Но не было другого такого безопасного места в доме, чтобы спрятать это от чужих глаз. У него был ключ, и никто больше не мог туда войти. Под багряным покровом, нарисованное лицо на холсте могло стать развратным, отупевшим, и нечистым. Что с ним произошло? Никто же не мог его видеть. Да и сам он не смотрел бы на него. Почему он должен смотреть на отвратительное разрушение своей души? Он сохранил свою юность – этого было достаточно. И, кроме того, мог ли его характер стать лучше, после всего? Это не было причиной того, что в будущем должно быть так много стыда. Некая любовь могла случайно встретить его в жизни, и очистить его, и защитить его от тех грехов, что, казалось бы, уже взбудоражили дух и тело – те странные не изображенные грехи, чья тайна одолжила им их же утонченность и очарование. Возможно, однажды, жестокий взгляд сойдет с алого чувственного рта, и он сможет продемонстрировать миру шедевр Бэзила Холлворда.
Нет; это было невозможным. Длилось время, медленно тянулось часами, неделя за неделей, изображение на холсте постепенно старело. Можно было избежать отвратительности греха, но в нем не спрячешь отвратительность возраста. Щеки стали бы впалыми или поникшими. Желтые морщины в уголках глаз со всех сторон подкрались бы к увядшим глазам и сделали бы их ужасными. Волосы потеряли бы свою яркость, рот был бы зевающем или увядшим, был бы глупым или вульгарным, таким же, как и рты пожилых людей. Было бы морщинистым горло, холодными, с синими венами руки, искривленное тело, что напомнило бы ему дедушку, который был к нему так строг в его отрочестве. Картину пришлось бы скрывать. Этому уже не поможешь.
- Вносите картину сюда, мистер Хаббард, пожалуйста, - с утомленным видом, сказал он. - Я так сожалею, что я задержал вас так долго. Видно, я просто задумался.

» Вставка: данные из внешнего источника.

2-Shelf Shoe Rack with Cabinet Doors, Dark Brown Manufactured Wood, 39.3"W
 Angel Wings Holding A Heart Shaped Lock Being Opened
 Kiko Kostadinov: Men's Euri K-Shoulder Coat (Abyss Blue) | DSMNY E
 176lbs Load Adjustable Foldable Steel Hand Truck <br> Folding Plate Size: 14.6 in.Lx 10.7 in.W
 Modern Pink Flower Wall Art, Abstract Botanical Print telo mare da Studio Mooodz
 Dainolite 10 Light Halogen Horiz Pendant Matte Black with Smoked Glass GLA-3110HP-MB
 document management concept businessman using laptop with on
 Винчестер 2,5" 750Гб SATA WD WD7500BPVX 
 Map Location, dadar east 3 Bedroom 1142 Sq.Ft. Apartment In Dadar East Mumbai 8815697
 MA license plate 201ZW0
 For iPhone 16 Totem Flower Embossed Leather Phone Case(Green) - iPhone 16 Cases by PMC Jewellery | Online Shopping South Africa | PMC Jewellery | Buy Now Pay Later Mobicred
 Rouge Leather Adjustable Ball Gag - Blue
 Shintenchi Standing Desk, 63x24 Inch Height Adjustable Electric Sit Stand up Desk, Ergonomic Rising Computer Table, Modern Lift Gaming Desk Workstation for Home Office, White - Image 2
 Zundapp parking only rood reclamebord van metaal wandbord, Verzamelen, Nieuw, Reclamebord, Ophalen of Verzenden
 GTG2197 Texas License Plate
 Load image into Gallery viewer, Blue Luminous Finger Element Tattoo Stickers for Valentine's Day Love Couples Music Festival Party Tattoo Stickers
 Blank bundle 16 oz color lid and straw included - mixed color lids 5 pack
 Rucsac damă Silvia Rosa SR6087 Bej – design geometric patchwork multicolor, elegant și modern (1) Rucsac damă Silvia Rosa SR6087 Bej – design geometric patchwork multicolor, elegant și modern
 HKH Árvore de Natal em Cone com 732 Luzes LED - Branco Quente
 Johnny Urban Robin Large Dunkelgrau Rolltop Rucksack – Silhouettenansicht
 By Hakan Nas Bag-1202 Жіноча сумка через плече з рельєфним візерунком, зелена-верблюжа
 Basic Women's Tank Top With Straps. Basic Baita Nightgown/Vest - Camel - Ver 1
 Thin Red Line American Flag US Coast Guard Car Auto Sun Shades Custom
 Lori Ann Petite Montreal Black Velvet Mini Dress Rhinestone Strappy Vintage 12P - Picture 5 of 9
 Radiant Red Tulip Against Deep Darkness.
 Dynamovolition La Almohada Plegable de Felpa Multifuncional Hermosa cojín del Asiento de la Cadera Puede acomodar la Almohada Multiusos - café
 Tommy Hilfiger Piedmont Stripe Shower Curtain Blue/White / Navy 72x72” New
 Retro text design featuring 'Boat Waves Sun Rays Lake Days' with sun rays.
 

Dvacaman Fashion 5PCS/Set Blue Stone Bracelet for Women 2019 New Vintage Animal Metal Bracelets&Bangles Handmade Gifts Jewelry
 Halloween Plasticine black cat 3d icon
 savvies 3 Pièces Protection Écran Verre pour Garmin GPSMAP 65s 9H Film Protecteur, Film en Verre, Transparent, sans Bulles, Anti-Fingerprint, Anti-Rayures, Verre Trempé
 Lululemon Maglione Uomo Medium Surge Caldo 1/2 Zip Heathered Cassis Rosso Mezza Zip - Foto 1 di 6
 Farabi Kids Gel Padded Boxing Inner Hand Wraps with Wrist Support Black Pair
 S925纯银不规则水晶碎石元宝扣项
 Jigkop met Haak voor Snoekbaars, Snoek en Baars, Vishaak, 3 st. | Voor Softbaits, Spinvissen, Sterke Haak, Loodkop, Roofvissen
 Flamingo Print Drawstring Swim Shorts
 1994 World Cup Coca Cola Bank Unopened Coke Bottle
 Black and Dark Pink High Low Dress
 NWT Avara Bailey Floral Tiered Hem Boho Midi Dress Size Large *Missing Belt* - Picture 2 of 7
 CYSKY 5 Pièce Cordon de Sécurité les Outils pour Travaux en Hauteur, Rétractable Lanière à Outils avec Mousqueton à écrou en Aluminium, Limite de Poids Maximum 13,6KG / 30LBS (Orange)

- Отдохнуть всегда приятно, мистер Грей, - ответил мастер, который все еще задерживал дыхание. – Куда мы поставим ее, сэр?
- О, где угодно. Здесь: это будет здесь. Я не хочу вешать ее. Только прислони ее к противоположной стене. Благодарю.
- Мог бы я только взглянуть на произведение искусства, сэр?
Дориан вздрогнул. – Это было бы вам не интересно, мистер Хаббард, - сказал он, пристально разглядывая человека. Он чувствовал готовность прыгнуть на него и уронить его на землю, если он осмелится поднять великолепный занавес, что скрывал тайну его жизни. Теперь я больше не печалю вас. Я многим обязан за ваше доброе расположение.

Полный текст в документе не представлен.